Variables can be referenced in queries, filters, and expressions. Dataface supports simple references and Jinja-style expressions.


Simple Variable References

The easiest way to use variables:

queries:
  sales:
    metrics: [total_revenue]
    filters:
      region: region              # Direct reference to 'region' variable
      min_revenue: min_revenue    # Direct reference to 'min_revenue' variable

When you reference a variable directly, Dataface automatically: - Uses the variable's current value - Updates the query when the variable changes - Handles type conversion when needed


Jinja Expressions

For more complex cases, use Jinja syntax (similar to dbt):

queries:
  sales:
    metrics: [total_revenue]
    filters:
      # Basic reference
      order_date: "{{ date_range }}"

      # With default value
      region: "{{ region or 'North' }}"

      # With formatting
      order_date: "{{ date_range | date('%Y-%m-%d') }}"

      # With calculation
      min_revenue: "{{ min_revenue * 1.1 }}"

      # Conditional
      status: "{{ 'active' if include_inactive else 'completed' }}"

Filtering with Variables

You can connect Dataface variables to your SQL using Jinja's conditional logic, which should be familar to anyone using dbt. You can utilize the full power of Jinja2's logic giving you full control when you need it.

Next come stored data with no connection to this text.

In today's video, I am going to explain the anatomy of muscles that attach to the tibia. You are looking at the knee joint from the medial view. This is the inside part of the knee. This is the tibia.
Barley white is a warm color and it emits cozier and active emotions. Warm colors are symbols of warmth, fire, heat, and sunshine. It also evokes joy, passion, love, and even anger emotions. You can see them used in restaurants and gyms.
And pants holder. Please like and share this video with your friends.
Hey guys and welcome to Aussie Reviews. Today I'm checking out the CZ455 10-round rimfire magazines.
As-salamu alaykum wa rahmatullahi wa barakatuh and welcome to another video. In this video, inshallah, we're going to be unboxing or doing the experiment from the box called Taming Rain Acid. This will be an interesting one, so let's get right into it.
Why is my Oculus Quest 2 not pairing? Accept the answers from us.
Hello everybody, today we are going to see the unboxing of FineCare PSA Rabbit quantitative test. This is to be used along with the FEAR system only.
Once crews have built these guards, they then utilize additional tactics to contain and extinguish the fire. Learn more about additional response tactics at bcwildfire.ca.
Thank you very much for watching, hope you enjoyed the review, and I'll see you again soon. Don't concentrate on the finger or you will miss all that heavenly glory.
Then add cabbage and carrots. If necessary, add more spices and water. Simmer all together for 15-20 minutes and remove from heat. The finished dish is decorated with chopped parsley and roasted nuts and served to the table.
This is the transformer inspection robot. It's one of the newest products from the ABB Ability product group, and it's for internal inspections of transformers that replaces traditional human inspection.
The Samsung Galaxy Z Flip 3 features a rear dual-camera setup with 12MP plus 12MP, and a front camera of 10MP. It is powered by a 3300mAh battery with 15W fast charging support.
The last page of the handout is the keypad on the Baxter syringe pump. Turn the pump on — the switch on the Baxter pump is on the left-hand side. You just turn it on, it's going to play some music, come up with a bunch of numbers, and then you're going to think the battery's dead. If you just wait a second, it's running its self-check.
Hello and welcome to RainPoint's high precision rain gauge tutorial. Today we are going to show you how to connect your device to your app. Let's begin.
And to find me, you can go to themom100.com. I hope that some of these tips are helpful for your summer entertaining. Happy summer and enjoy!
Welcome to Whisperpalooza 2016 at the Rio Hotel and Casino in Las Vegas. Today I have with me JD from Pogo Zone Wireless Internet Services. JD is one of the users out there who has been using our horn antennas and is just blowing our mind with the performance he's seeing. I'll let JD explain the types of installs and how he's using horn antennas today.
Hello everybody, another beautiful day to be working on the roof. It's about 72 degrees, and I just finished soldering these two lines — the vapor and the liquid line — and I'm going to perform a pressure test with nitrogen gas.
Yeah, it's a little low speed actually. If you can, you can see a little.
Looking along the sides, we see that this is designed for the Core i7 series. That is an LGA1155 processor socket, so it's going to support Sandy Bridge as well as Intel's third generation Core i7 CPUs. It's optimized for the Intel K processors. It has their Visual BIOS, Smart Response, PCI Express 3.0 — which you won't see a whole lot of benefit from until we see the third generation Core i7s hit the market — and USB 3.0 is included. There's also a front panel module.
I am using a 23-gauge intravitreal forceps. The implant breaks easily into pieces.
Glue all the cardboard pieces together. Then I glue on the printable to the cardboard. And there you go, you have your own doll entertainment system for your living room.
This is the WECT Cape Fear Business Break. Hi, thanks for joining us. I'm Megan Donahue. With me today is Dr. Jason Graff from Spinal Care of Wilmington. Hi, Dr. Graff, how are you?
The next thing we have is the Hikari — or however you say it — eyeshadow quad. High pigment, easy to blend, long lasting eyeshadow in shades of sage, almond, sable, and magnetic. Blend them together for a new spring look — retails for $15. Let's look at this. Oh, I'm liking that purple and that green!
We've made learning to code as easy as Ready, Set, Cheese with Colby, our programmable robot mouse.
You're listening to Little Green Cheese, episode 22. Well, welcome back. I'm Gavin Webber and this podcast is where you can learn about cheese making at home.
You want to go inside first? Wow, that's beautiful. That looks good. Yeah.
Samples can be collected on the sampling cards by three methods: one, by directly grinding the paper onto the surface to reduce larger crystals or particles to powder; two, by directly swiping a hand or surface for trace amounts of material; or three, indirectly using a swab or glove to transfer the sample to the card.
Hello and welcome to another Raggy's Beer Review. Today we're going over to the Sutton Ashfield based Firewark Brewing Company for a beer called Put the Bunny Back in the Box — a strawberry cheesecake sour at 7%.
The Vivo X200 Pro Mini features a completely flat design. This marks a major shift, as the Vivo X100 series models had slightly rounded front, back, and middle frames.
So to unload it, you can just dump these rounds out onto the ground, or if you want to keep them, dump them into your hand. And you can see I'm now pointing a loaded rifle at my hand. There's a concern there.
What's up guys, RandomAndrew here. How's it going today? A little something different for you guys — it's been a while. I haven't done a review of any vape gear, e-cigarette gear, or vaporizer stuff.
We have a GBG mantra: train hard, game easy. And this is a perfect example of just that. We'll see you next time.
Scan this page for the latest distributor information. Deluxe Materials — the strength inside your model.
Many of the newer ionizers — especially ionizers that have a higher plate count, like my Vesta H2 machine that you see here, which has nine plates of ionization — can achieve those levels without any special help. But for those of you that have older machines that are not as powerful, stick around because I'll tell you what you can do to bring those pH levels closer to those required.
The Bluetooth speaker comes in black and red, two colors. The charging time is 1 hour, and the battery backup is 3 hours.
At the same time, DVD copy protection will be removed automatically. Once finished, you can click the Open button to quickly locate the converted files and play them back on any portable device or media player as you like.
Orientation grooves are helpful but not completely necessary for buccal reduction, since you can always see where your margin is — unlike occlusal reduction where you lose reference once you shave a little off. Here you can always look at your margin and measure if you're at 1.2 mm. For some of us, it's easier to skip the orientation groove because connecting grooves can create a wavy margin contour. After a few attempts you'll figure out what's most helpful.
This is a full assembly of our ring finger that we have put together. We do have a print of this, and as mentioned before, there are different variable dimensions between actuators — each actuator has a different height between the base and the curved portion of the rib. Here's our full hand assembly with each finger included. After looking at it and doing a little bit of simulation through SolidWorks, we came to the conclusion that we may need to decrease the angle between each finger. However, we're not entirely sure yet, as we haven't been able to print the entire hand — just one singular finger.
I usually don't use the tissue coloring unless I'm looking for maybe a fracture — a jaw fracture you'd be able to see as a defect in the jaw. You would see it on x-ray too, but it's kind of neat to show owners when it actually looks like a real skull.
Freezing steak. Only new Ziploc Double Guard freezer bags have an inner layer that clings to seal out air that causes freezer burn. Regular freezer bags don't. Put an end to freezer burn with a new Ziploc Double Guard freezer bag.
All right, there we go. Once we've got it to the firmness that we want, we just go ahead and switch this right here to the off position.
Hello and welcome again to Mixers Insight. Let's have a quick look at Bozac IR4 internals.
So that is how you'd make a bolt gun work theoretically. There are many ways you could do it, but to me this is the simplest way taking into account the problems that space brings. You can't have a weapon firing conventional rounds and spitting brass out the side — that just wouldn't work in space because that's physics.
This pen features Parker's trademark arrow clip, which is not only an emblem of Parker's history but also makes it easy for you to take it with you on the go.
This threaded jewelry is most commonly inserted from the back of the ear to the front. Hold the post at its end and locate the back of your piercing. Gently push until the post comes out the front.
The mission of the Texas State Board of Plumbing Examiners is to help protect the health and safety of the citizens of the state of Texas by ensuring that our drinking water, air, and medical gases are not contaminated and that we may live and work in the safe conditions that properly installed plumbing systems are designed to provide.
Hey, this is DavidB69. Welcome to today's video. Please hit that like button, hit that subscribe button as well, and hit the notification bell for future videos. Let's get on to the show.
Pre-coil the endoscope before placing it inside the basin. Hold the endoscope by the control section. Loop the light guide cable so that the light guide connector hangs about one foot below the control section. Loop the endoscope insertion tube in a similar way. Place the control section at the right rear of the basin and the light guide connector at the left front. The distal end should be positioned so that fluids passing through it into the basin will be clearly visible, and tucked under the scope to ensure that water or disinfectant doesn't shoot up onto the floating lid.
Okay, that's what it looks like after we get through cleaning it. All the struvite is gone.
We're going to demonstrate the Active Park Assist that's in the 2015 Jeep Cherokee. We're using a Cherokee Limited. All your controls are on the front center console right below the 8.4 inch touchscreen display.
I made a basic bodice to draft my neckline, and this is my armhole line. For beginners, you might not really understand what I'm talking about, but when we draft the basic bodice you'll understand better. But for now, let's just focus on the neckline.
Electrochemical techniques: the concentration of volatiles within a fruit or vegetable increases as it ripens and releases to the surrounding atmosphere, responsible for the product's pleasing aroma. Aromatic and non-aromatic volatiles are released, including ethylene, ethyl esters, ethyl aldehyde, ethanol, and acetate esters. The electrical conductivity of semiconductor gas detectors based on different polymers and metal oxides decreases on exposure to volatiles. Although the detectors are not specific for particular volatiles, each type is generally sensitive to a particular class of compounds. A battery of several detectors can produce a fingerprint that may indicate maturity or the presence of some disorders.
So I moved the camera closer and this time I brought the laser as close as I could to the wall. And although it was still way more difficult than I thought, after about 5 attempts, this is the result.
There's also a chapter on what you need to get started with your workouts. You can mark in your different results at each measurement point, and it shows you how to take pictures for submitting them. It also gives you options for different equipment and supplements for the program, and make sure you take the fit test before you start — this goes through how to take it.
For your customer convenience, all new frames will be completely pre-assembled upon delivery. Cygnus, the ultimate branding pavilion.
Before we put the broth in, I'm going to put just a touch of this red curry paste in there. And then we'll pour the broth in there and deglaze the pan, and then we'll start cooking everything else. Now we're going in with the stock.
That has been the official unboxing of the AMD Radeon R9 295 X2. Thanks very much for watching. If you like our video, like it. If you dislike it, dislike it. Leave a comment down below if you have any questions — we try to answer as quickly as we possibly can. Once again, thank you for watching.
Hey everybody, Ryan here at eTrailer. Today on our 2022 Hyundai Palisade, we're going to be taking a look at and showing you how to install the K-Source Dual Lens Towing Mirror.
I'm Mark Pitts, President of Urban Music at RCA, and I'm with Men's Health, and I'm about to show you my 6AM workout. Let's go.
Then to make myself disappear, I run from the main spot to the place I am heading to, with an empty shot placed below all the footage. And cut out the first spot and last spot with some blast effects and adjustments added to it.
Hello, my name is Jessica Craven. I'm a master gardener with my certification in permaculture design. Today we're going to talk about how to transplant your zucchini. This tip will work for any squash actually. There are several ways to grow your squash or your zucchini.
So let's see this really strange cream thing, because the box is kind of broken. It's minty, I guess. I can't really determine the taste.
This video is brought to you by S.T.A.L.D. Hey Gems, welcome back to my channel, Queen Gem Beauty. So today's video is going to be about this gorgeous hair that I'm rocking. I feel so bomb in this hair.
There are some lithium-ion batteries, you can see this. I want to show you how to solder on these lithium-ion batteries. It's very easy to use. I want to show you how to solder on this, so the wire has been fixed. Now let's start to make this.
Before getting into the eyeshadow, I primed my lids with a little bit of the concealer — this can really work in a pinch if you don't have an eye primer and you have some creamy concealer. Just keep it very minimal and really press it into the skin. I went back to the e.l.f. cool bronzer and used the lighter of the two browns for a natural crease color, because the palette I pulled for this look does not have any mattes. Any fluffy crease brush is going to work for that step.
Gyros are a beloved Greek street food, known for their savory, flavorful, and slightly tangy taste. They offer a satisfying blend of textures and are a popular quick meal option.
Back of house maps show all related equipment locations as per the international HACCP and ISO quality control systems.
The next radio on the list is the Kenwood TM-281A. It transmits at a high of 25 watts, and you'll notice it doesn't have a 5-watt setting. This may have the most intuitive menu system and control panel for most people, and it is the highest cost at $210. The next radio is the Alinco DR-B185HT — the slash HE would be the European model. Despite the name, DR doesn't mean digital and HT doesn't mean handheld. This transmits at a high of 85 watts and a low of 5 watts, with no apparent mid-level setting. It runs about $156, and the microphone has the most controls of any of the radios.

Simple Variable Replacement

The simplest way to filter is direct substitution:

queries:
  sales:
    sql: |
      SELECT * FROM orders
      WHERE orders.region = '{{ variables.region }}'
    profile: my_postgres

Above we use Jinja2 template syntax to insert the region variable into the query. Whenever the variable changes, this query will change and re-run, automatically updating any charts utilizing it.

Variables can be referenced namescaped under variables.<variable_name> or just directly with <variable_name>.

Conditional Filtering

Often variables will be unset by default, in which case we don't want to apply a filter the the query. For instance by default we may want a dashboard to show all regions and have the variable there for users who want to drill down.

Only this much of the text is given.